Property developers and those who missold dangerous building products have been warned they will have to “pay to put things right” as the government announced fresh action to solve the cladding scandal.
Michael Gove, the Secretary of State for Levelling Up, Housing and Communities, warned those responsible for the crisis that they are being “put on notice” as he pledged that leaseholders living in a development above 11 metres would no longer have to pay to fix safety problems.
The new proposals come more than four years after the Grenfell Tower fire in June 2017, in which 72 people were killed.
Since then, the cladding scandal has trapped leaseholders in unsafe and unsellable homes.

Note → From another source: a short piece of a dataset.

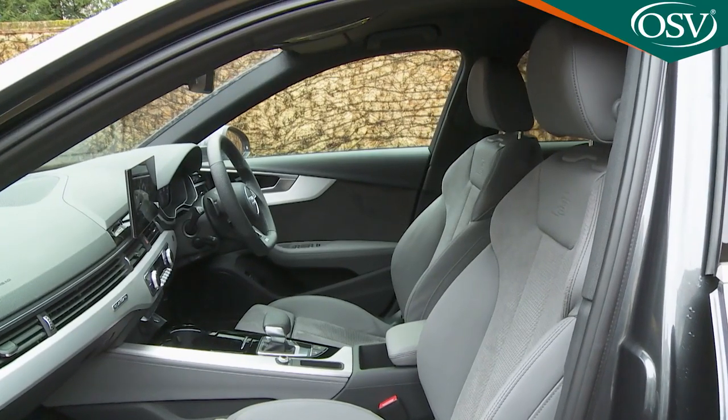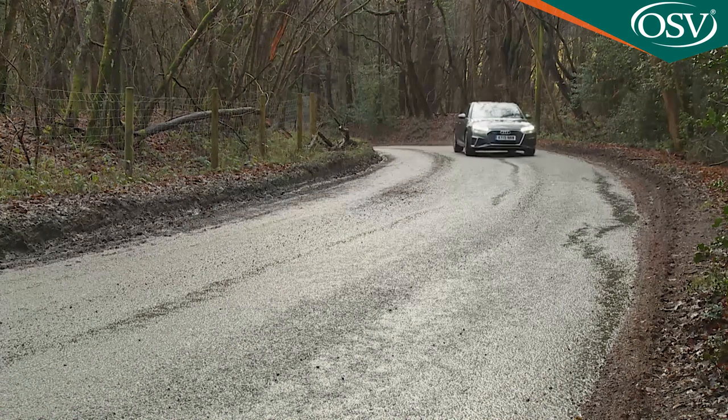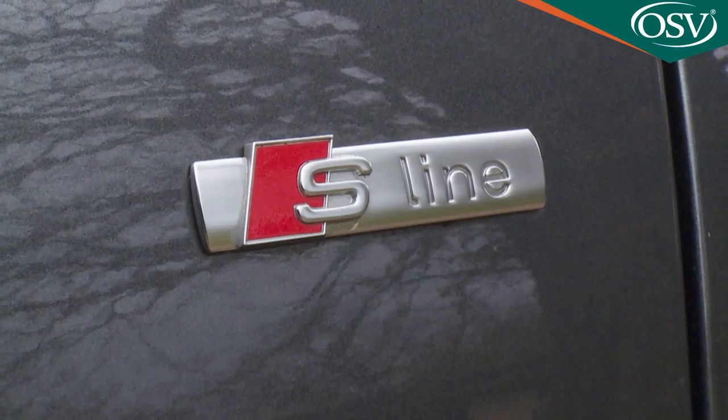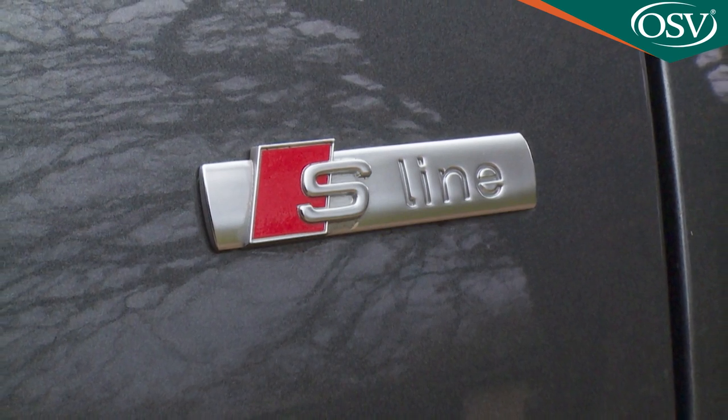This hasn't held the A4 back too much in the past, and we don't expect that to be an issue with this facelifted model either. Potential buyers tend to prioritise comfort and refinement rather than on-the-limit handling, and the A4 continues to deliver impressively in both areas. The only real caveat lies with the firmer sport suspension that comes with the S-line trim level most customers choose — try before you buy is our advice.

Gove pledges: ‘We will make industry pay’
In a statement to the House of Commons on Monday, Mr Gove confirmed a government U-turn that will see the scrapping of previous plans whereby leaseholders in lower-rise buildings were only being offered low-interest loans for the removal of cladding on smaller buildings.
The Cabinet minister acknowledged the “injustice of asking leaseholders – very often young people who have saved and made sacrifices to get their first steps on the housing ladder – to pay money they don’t have to fix a problem they didn’t cause, all while the firms that made a profit on those developments sit on their hands”.
Mr Gove told MPs the government would now take “every step necessary” to ensure the building industry instead pays to fix the problem of dangerous cladding.
“We will take action to end this scandal and protect leaseholders,” he said.
“We will make industry pay to fix all the remaining problems and help to cover range of costs facing leaseholders.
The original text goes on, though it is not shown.